Plaintiff alleged that she performed all of the terms and

conditions of the mortgage contract, but that defendant breached

the contract by charging fees in violation of the contract's

express terms.   Count II alleged a violation of section 2 of the

Act (815 ILCS 505/2 (West 1994)), which declares as unlawful:

         "Unfair methods of competition and unfair or deceptive

    acts or practices, including but not limited to the use or

    employment of any deception, fraud, false pretense, false

    promise, misrepresentation or the concealment, suppression or

    omission of any material fact, with intent that others rely

    upon the concealment, suppression or omission of such material

    fact ***."  815 ILCS 505/2 (West 1994).

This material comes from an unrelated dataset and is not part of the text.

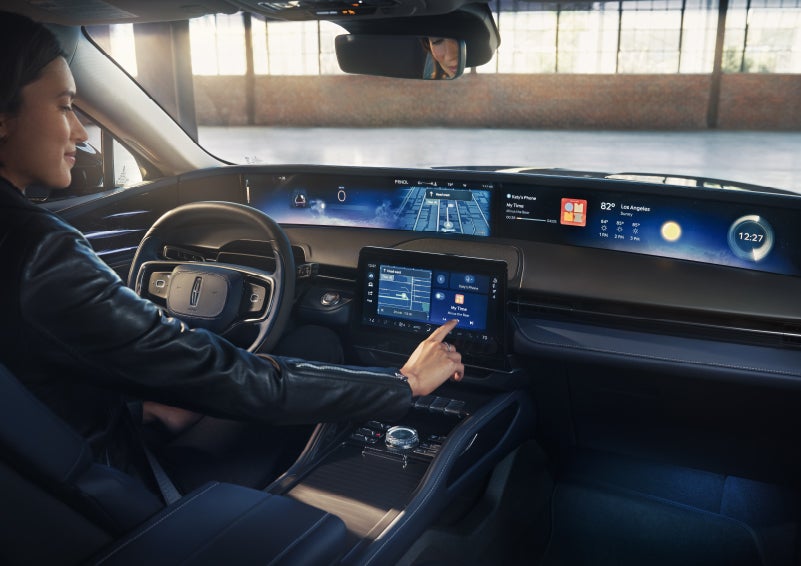 The driver of a 2026 Lincoln Nautilus® SUV interacts with the center touchscreen. | Lincoln of Wayne in Wayne NJ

    Defendant moved for summary judgment, relying on the affidavit

of one of its first vice-presidents, Rick Wilson.  The gist of the

motion was that only fees for releasing the mortgage were

prohibited, and the fees defendant assessed plaintiff were not for

releasing the mortgage.  Wilson stated in his affidavit that he has

worked in defendant's remittance processing division since February

1992 and has been in the mortgage business for 23 years.  Wilson

had personal knowledge of defendant's policies with respect to

providing account statements to customers.  Wilson stated that

defendant accepts account statement requests from its customers or

its customers' agents.  When defendant receives such a request, it

generates an account statement by computer.  Defendant also updates

the customer's file and provides the customer with an amended

statement if any changes occur that would affect the amount listed

in the original statement.

    Wilson further stated that defendant charges its customers $50

for processing the request for an account statement.  The charge is

intended to compensate defendant for providing an amended statement

when necessary.  Defendant bills its customers for this service by

including the $50 fee on the account statement.  Defendant will

send the statement to the customer by facsimile if the customer so

requests.  The fee for doing so is $15.  According to Wilson,

defendant informs the individual requesting the statement that

there is an additional charge for receiving the statement by

facsimile and so informed plaintiff's attorney when she requested

the account statement.

    Wilson's affidavit further stated that defendant releases a

customer's mortgage when the principal and interest are paid in

full.  If a customer pays the principal and interest, but not the

$50 and $15 fees, defendant will still release the mortgage even

though the customer remains liable for the fees.  On hundreds of

occasions, defendant has released mortgages when a customer who is

liable for statement and facsimile fees did not pay those fees.